# Stored data
☆ ☆ ☆ ☆
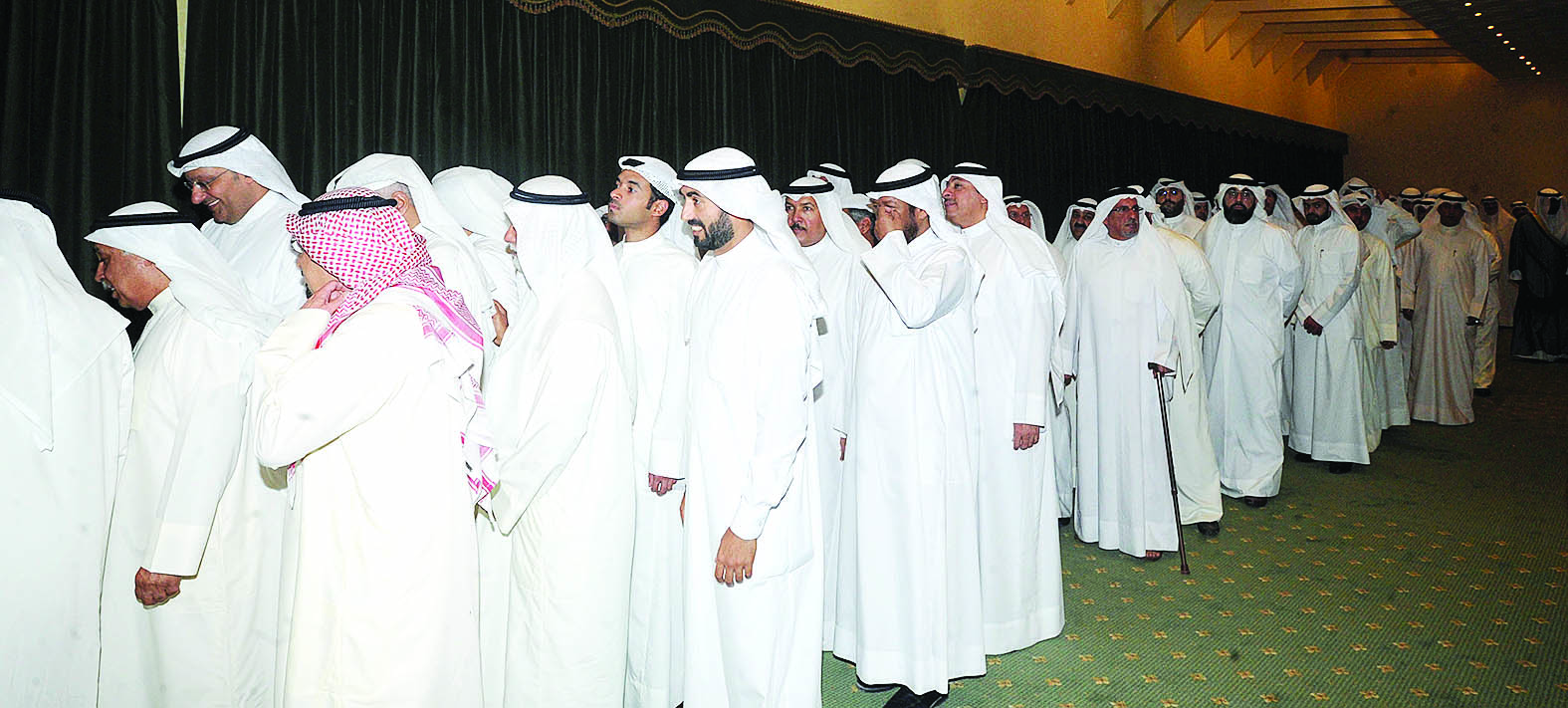 حشود من المهنئين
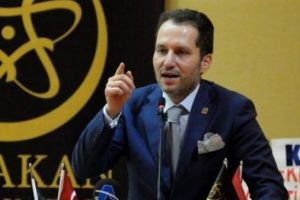 Saadet Partisi'nde Erbakan depremi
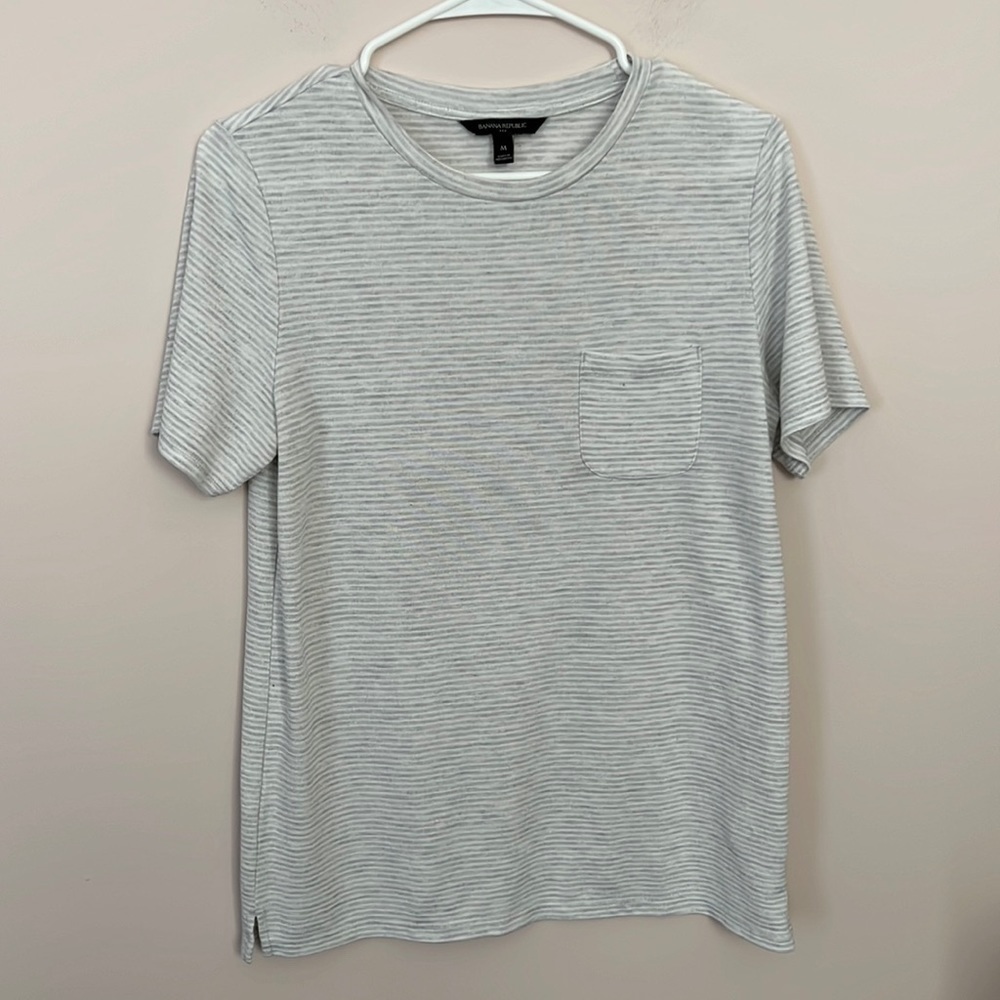 BANANA Republic Factory l Striped Light Grey T-shirt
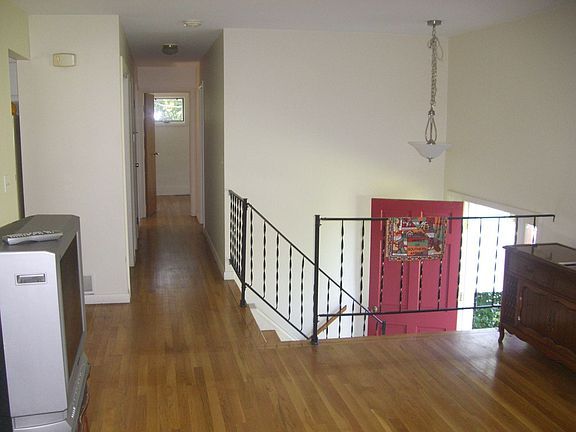 Front entrance & hallway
☆ ☆ ☆ ☆
# Requirement
Write out, word for word, only the lines from the one containing "Saadet Partisi'nde Erbakan depremi" to the end of the data above; the pictures stay out.

# Written response
 Saadet Partisi'nde Erbakan depremi
 BANANA Republic Factory l Striped Light Grey T-shirt
 Front entrance & hallway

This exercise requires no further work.